A Japanese great-grandmother with 400,000 Instagram followers who shot to fame for her goofy self-portraits after taking up photography aged 72 has died, her son said on Thursday.

Kimiko Nishimoto, who died this week at the age of 97, told AFP in a 2018 interview that "you can take photos no matter how old you get".

"Wherever it is, in your house, outside, or in your bed, you can do it. That is the nice thing about a camera," she said.

Dubbed the "selfie queen" by Japanese media, Nishimoto's posts showed her in various candid poses -- from riding a broom like Harry Potter to imitating an off-duty sumo wrestler on their fifth beer of the night.

"Our mother always created her work with a smile," a post from her son Kazutami Nishimoto said on her Instagram account.

"We are deeply grateful to everyone who visited her photography exhibitions held across the country, to those who shared warm words of encouragement through Instagram... and to all who supported her warmly throughout her journey."

Nishimoto's son teaches photography classes, which his mother started taking in retirement.

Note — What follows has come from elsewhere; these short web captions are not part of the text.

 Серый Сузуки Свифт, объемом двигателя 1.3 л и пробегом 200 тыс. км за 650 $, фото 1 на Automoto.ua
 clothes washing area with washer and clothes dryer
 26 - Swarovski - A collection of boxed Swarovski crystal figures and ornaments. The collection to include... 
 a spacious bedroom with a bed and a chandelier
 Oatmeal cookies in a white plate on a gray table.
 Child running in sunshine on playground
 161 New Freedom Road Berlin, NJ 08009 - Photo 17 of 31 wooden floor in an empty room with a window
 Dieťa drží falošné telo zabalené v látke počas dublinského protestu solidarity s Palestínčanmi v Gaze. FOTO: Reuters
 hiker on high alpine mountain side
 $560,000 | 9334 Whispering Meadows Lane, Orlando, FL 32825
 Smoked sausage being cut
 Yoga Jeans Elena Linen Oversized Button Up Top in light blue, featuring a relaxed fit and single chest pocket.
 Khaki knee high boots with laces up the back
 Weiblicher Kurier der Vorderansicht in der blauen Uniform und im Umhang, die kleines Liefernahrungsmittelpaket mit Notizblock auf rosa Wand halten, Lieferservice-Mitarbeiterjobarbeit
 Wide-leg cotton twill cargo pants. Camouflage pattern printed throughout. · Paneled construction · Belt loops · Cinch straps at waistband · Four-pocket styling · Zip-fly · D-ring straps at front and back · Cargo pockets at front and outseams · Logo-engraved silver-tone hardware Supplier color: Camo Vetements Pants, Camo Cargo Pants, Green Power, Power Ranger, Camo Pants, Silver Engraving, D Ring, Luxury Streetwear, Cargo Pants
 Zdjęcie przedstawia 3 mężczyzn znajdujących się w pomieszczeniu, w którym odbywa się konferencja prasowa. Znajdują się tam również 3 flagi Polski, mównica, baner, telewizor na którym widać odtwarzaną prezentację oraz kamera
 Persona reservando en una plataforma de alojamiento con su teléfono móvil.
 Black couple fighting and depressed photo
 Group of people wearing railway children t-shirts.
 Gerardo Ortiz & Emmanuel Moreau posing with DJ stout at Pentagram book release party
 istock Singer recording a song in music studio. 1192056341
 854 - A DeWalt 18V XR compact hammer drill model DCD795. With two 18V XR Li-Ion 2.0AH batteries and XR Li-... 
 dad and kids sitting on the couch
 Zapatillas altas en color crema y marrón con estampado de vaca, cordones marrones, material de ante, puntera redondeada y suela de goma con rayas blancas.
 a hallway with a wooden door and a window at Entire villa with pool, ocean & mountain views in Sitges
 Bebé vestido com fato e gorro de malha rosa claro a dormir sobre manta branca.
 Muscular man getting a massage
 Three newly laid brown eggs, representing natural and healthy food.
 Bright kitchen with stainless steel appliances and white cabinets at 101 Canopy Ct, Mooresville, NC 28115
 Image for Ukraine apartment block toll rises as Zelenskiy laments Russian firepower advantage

"Though she began photography at the age of 72, she was blessed with countless encounters, which enriched this third chapter of her life tremendously," he said.

Nishimoto appeared on national television as her online following grew and was interviewed by major news outlets.

But her more out-there visual scenarios were also the cause of some confusion over the years.

One snap -- showing her wrapped in a garbage bag, as if she had been discarded -- drew criticism from people who didn't know she was involved in its set-up.

"It's not like ideas just suddenly pop into my head but wherever I go I think about what it would be fun to dress up as in that place," she said in 2018.